Praxisfremdes Kinderbild
Die
von «Mille feuille» gelehrte Philosophie des Spracherwerbs bezeichnet der
Bieler Lehrer als überholt. «Man weiss, dass Kinder zwischen drei und vier
Jahren keine Wörtchen lernen und Grammatik büffeln.» Daraus zu schliessen, dass
ältere Kinder genauso denken, gehe von einem praxisfremden Kinderbild aus.
Schulfähige Kinder seien mit einem Lehrmittel verloren, in dem sich die Sprache
einem selber erschliessen sollte, mit einem Lehrmittel, das keinen
grammatikalischen Aufbau mitbringt und in welchem kein roter Faden erkennbar
ist. Ob Pichard recht hat? Eine wissenschaftliche Validierung für den Erfolg
von «Mille feuilles» gibt es seltsamerweise in dieser akademischen Branche
nicht. Auch die Baselbieter Bildungsdirektion befindet sich seit Einführung im
Blindflug.
Initiativen von «Starke
Schule»
Und
für diesen wollte sich Katrin Schaltenbrand nicht hergeben. Dass sie bewährten
Französischunterricht geben kann, hat sie gegenüber Schulleitung und Schulrat
bewiesen. Beide Gremien bekräftigen denn auch gegenüber der BaZ, die engagierte
Franzi-Lehrerin «behalten zu wollen». Eine Anfrage an die Bildungsdirektion hat
die Sekundarschule gestellt, offiziell beantwortet wurde sie noch nicht.
Ohnehin
ist die Zukunftsperspektive dieser Sprachsee-Ideologie wieder infrage gestellt.

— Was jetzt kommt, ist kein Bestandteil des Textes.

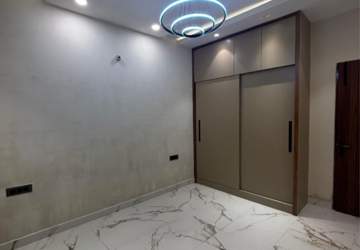 Room in 4 BHK Independent House at Sunny Enclave – for Sale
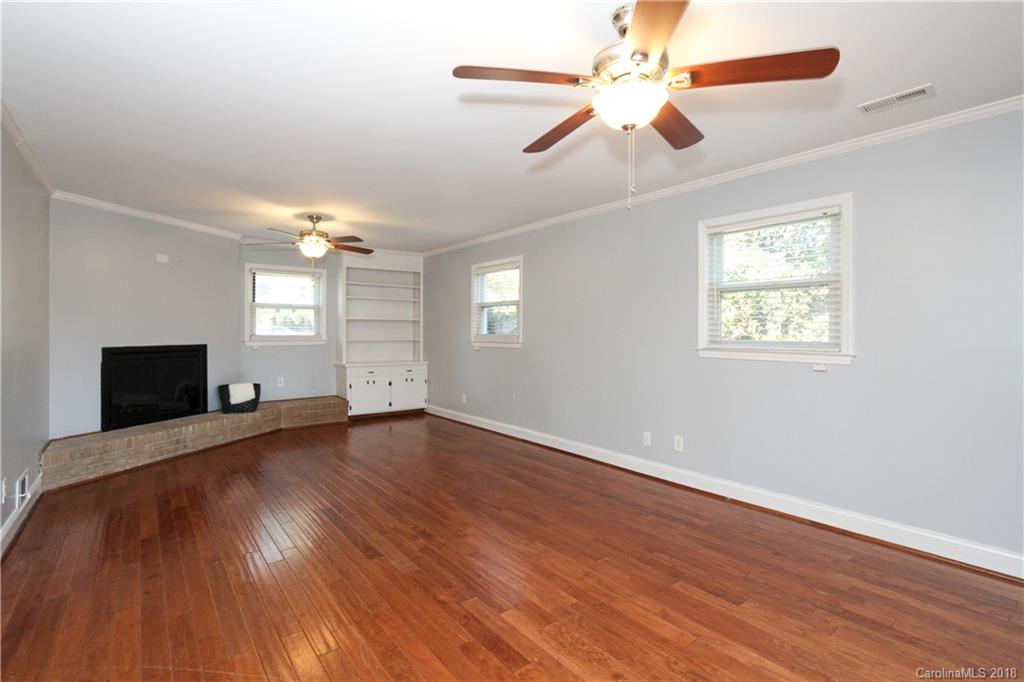 1124 Braeburn Road Charlotte, NC 28211 - Photo 12 of 35 Gallery Image 12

Das Komitee Starke Schule hat angekündigt, die beiden angekündigten Initiativen
«Eine Fremdsprache auf der Primarstufe» und «Austritt aus dem
Passepartout-Fremdsprachenprojekt» am Montag einzureichen. Offenbar sind die
Initiativen zustande gekommen. Würde «Passpartout» abgeschossen, dürfte Kathrin
Schaltenbrand auf einmal wieder unterrichten.